US Secretary of State Mike Pompeo says a landmark nuclear deal with Iran was "built on lies," after Israel claimed to have proof of a secret Iranian nuclear weapons programme.
Mr Pompeo said documents revealed by Israel's prime minister were authentic.
Analysts say they show nothing new, highlighting that concerns over Iran's nuclear ambitions led to the 2015 deal.
US President Donald Trump, who opposes the accord, has until 12 May to decide whether to abandon it or not, according to a BBC report Tuesday.
Other Western powers, including signatories Britain and France, say Iran has been abiding by the deal and it should be kept.
What is Iran accused of?
Israeli Prime Minister Benjamin Netanyahu on Monday accused Iran of conducting a secret nuclear weapons programme, dubbed Project Amad, and said it had continued to pursue nuclear weapons knowledge after the project was shuttered in 2003.
That followed the revelation in 2002 by an exiled Iranian opposition group that Iran was constructing secret nuclear sites in breach of the nuclear Non-Proliferation Treaty, of which Iran was a signatory.
Mr Netanyahu presented what he said was evidence of thousands of "secret nuclear files" that showed Iran had lied about its nuclear ambitions before the deal was signed in 2015.
Tension between the long-standing enemies has grown steadily since Iran built up its military presence in Syria, which lies to the north-east of Israel.
Iran has always denied seeking nuclear weapons, and agreed three years ago to curb its nuclear energy programme in return for the lifting of sanctions.
The Israeli prime minister did not provide evidence that Iran had violated the accord since it went into effect in early 2016. But he insisted that Project Amad had continued at the Iranian defence ministry - citing the head of the programme as saying: "Special activities will be carried out under the title of scientific know-how developments."
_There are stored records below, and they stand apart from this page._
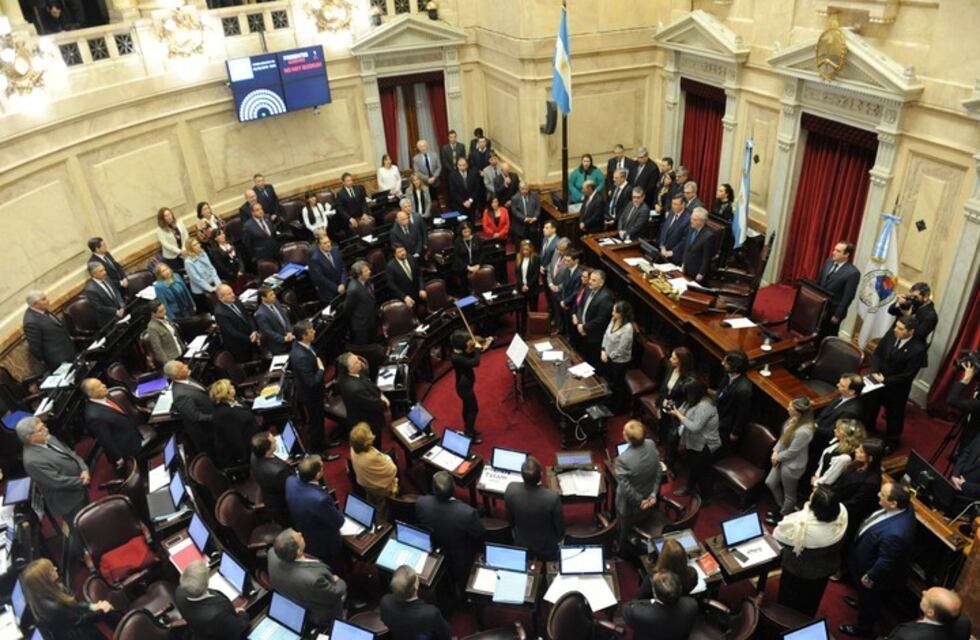 Aborto: el 59% de nuestros lectores se pronunció por la despenalización en el nuevo Código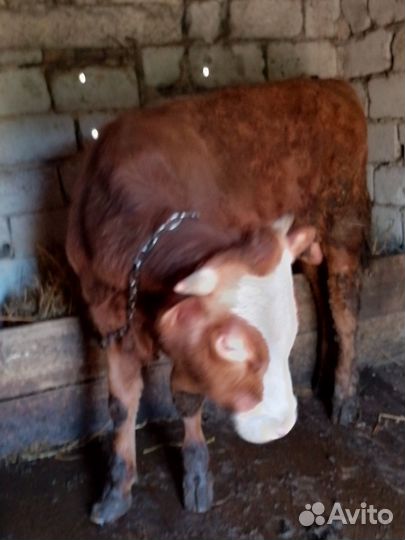 Корова и бык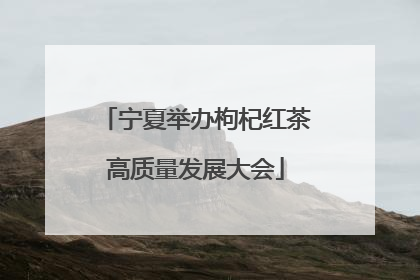 宁夏举办枸杞红茶高质量发展大会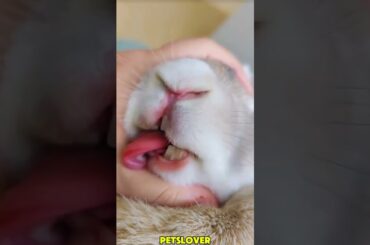 Adorable Rabbit #rabbit #adoreble #bunny #pets #petcare #petvideos #animals #shorts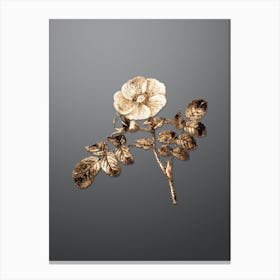 Gold Botanical Japanese Rose on Soft Gray n.1031 Canvas Print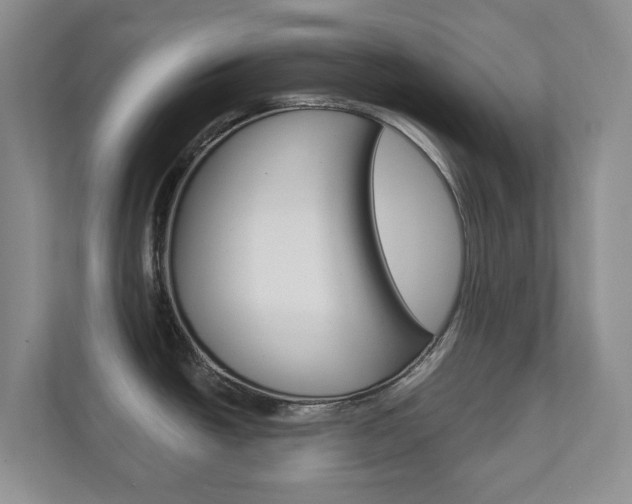 X0000112941438200908240958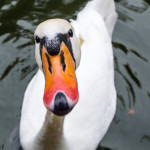 Learn Spanish in Valladolid - Un cisne curioso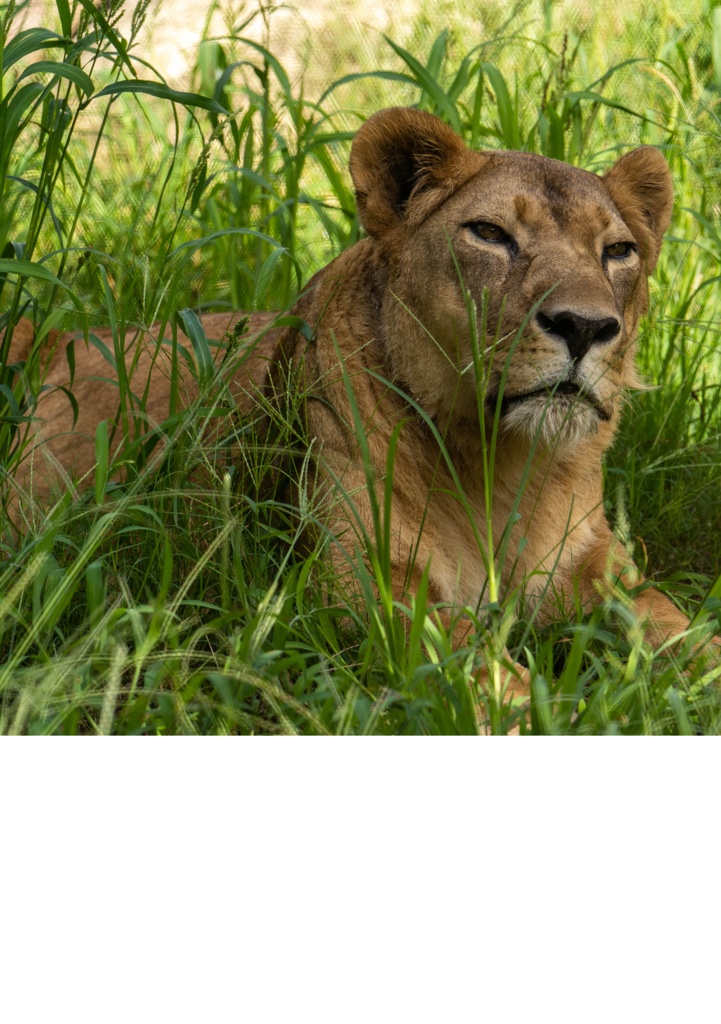 ライオンのためのデザイン?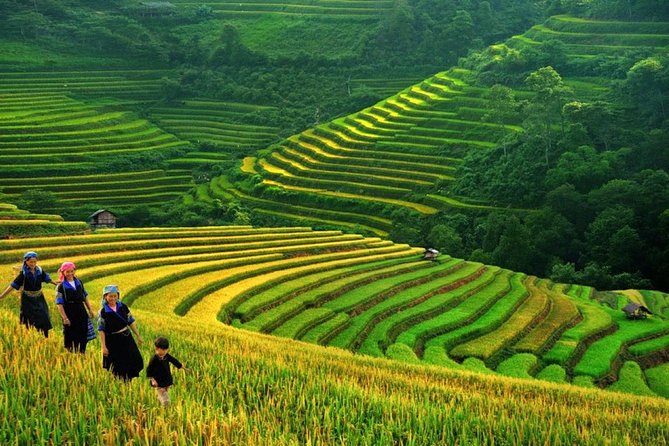 Sapa Trek Tours -2D1N Stay At 3*** -TRANSFER BY SLEEPING BUS - Getting to Sapa without playing taxi driver: the sleeping bus win
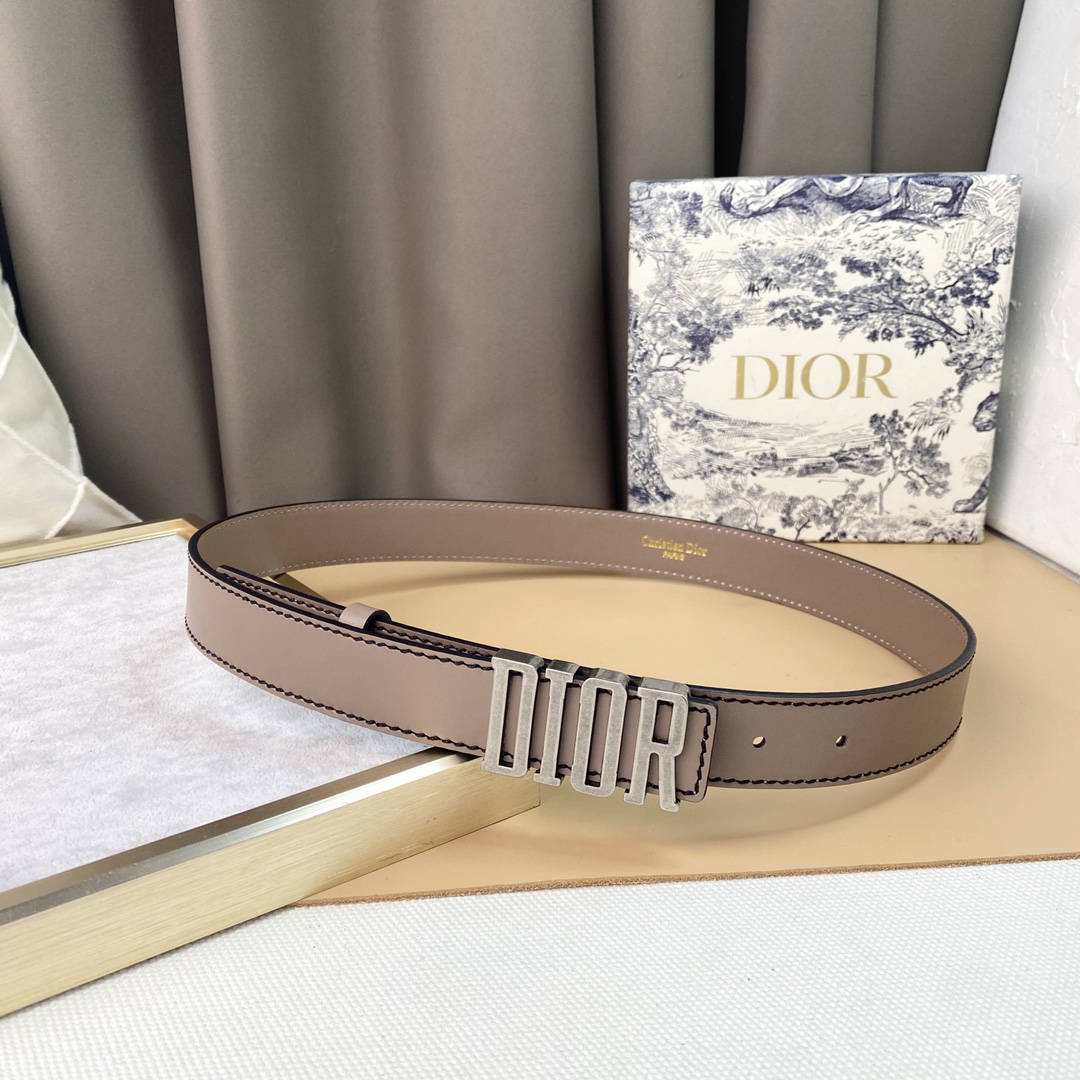 dior22复古铜扣DIOR标志经典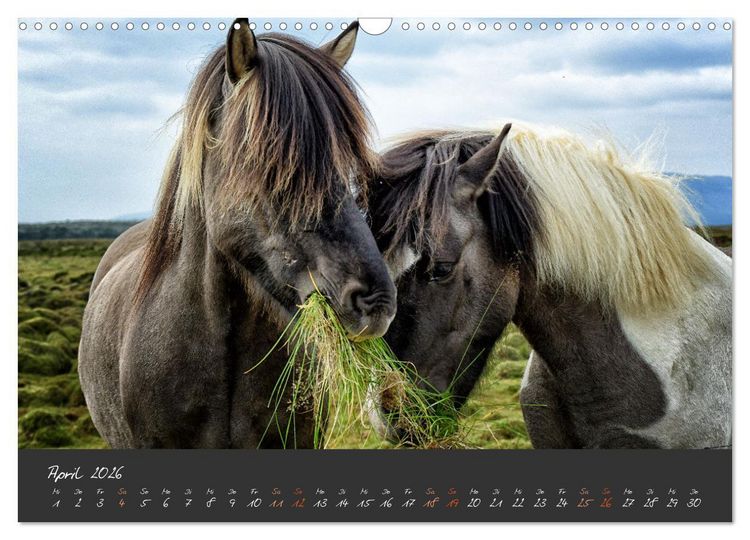 Produktbild: Islandpferde im Isi-Land (Wandkalender 2026 DIN A3 quer), CALVENDO Monatskalender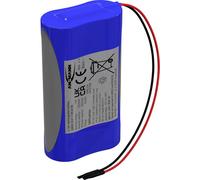 Ansmann 2S1P Pack de piles rechargeables 2x 18650 avec câble Li-Ion 7.2 V 2550 mAh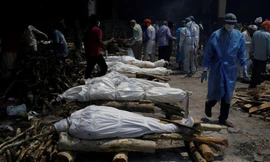 Thi thể các nạn nhân COVID-19 xếp hàng. Ảnh: Reuters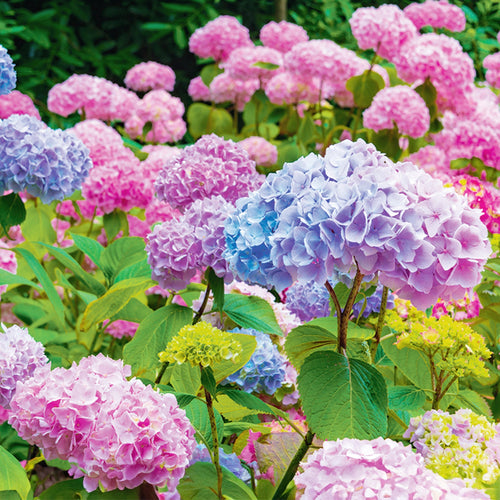 Comment tailler un hortensia ?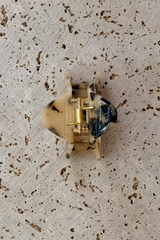 Charlie Acetate Hair Claw Clip - Light Tort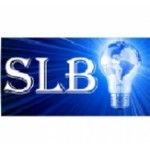 Saving Light Bulbs, Farnham, logo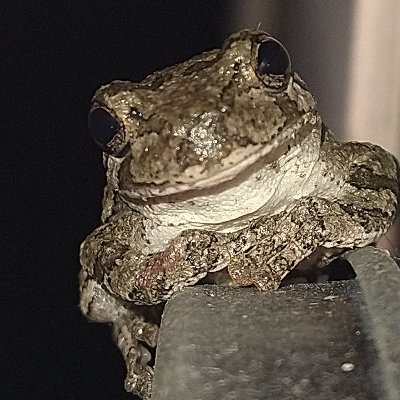 ~ Gamer
~ Mainly Battle Royale and FPS games
~ Instagram-TikTok-Twitch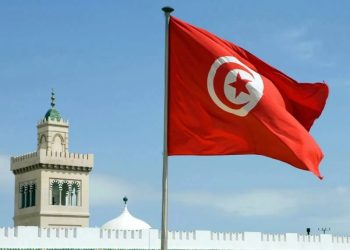 الزراعة والخدمات تدعم الاقتصاد التونسي في 2025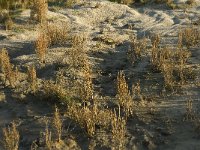 NL, Friesland, Terschelling, Groede 13, Saxifraga-Jan van der Straaten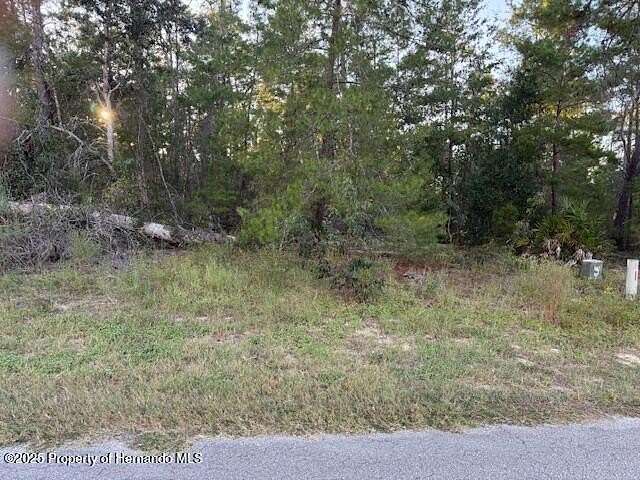 0.36 Acres of Land for Sale in Homosassa, Florida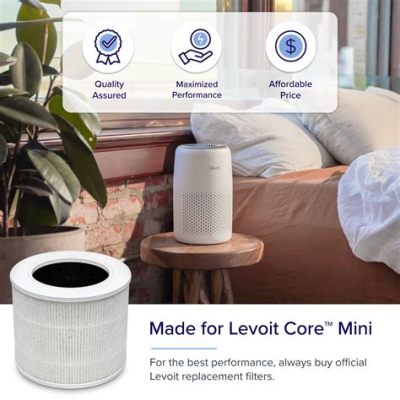 Can You Wash Levoit Air Purifier Filter? Exploring the Myths and Realities of Filter Maintenance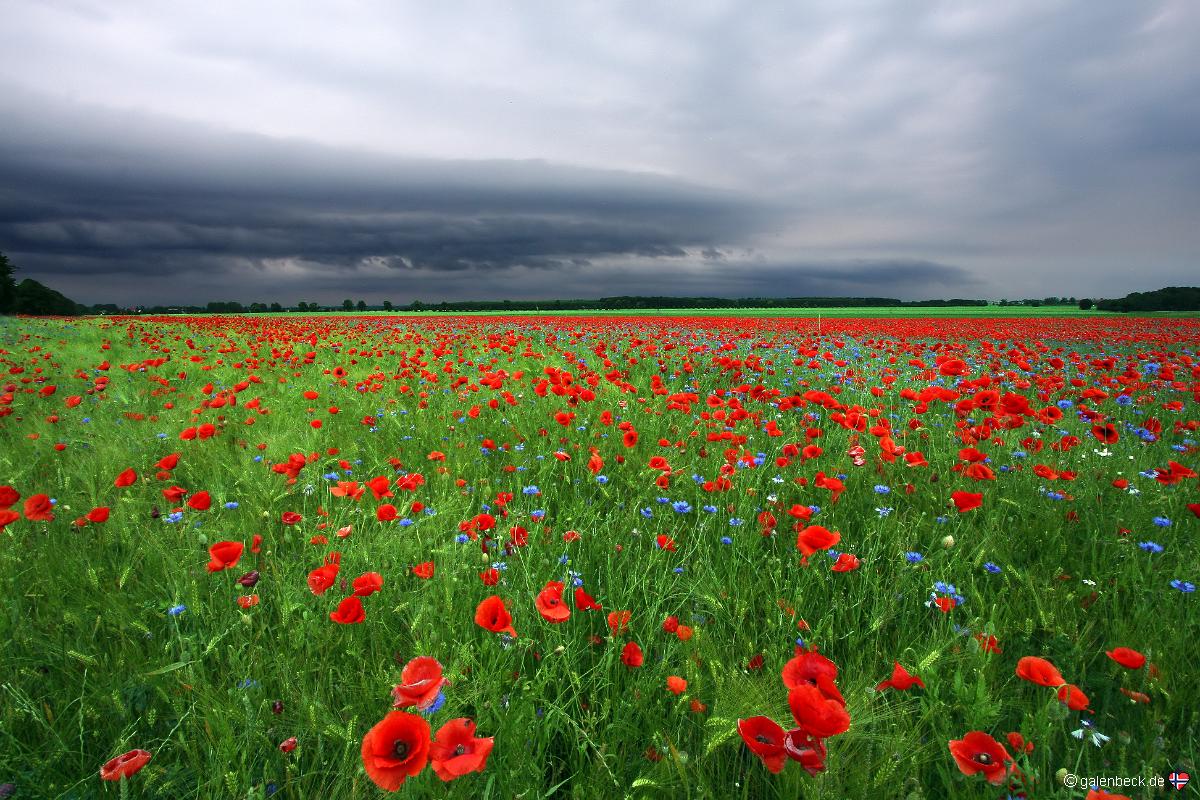 Mohnblüte in MV bei Gewitter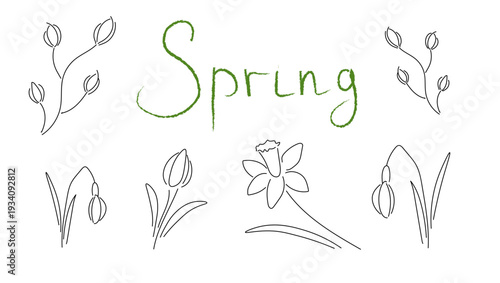 Vector illustration, lines, spring, text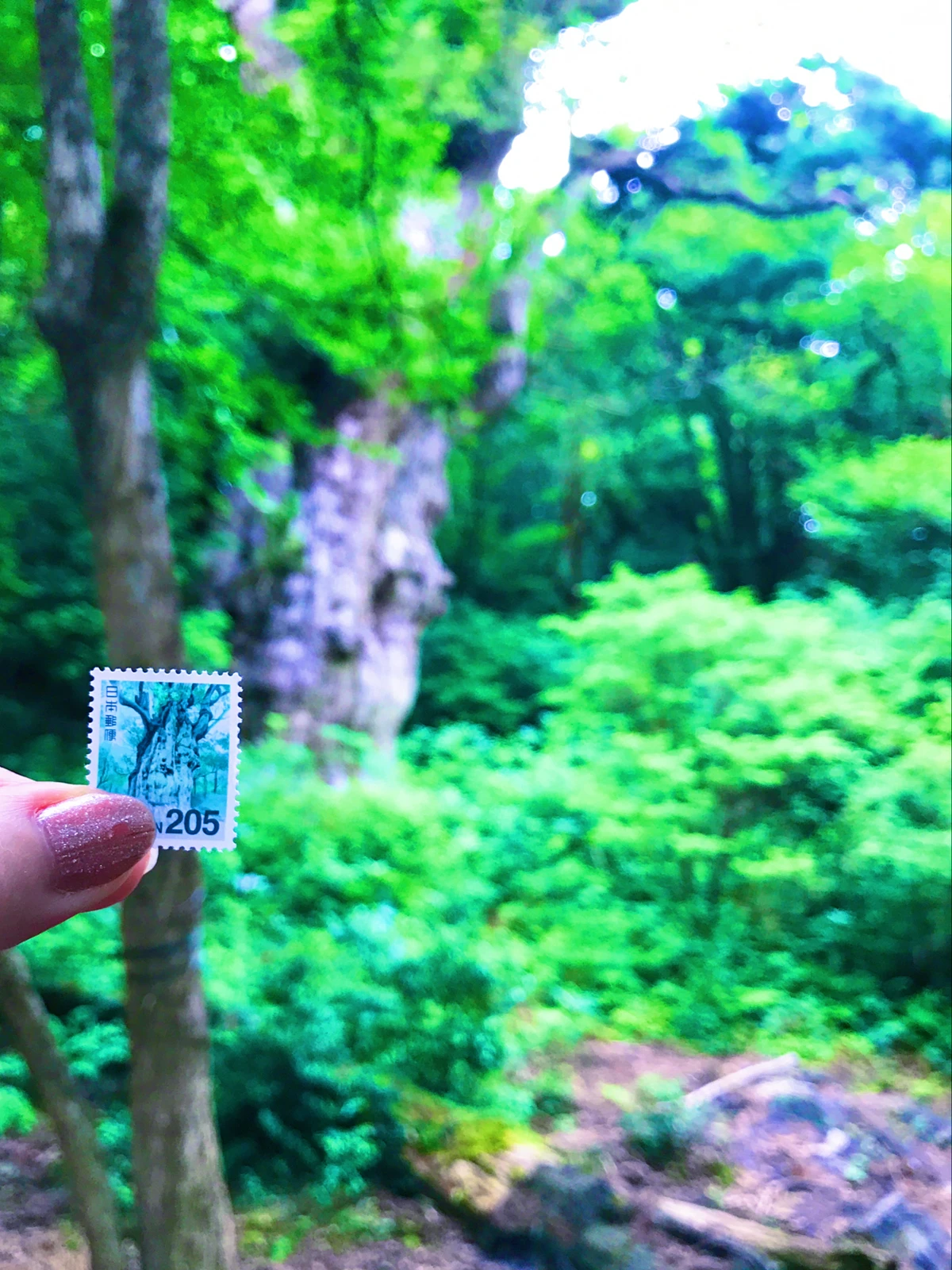 屋久島 見ると幸せになれる ウィルソン株 まるふぉいの妹が投稿したフォトブック Lemon8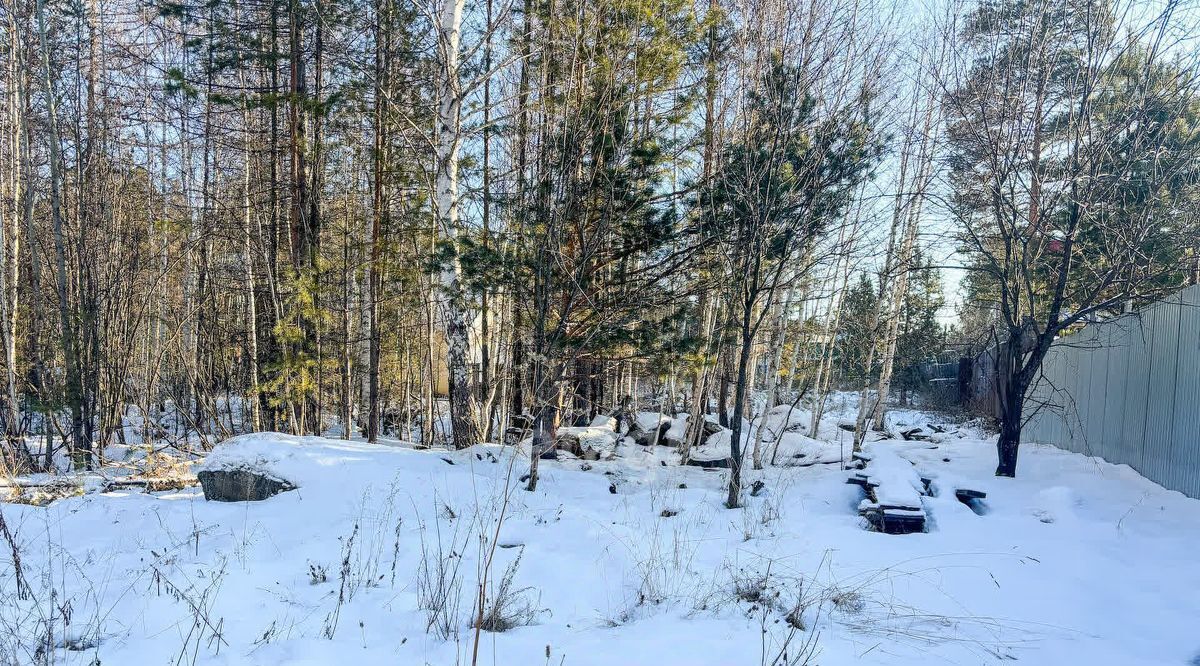 земля г Верхняя Пышма п Кедровое ул Спортивная 17 фото 4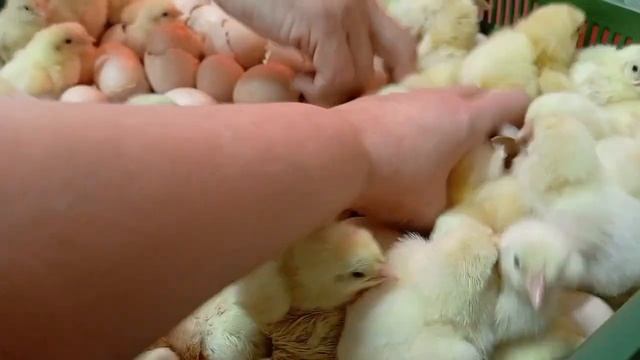 ПЕРВЫЕ ЦЫПЛЯТА В ЭТОМ ГОДУ. инкубационный сезон открыт
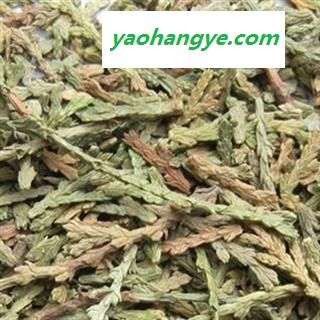 侧柏叶 选 质量保证  物美价廉 产地 山东省图1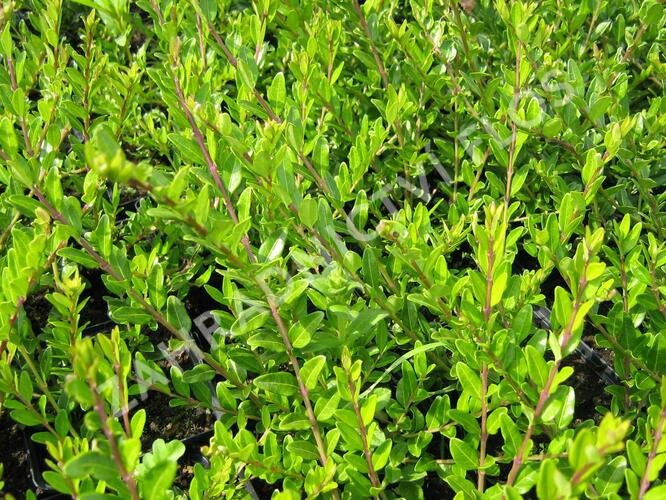 Zimolez kloboukatý - Lonicera pileata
Mr Netanyahu said he had shared the files with the US, and they would be submitted to the International Atomic Energy Agency (IAEA), which has been tasked with investigating Iran's nuclear past.
What does the US say?
The new secretary of state said the documents were proof "beyond any doubt" that "the Iranian regime was not telling the truth".
"Iran hid a vast atomic archive from the world and from the IAEA - until today," Mr Pompeo added.
Mr Trump, who has been vocal about his opposition to the Obama-era deal, said he had viewed part of Mr Netanyahu's presentation and said the situation was "not acceptable".
He said he would make a decision on whether to retain the deal in the next 12 days.
What is Iran’s reaction?
Iran's Foreign Minister Javad Zarif said the move by Mr Netanyahu was a stunt to influence Mr Trump's decision on whether the US should stick with the nuclear deal.
He said the documents were a rehash of old allegations already dealt with by the IAEA. A former chief inspector at the agency told the Guardian newspaper his department had seen some of the documentation presented by the Israeli prime minister as early as 2005.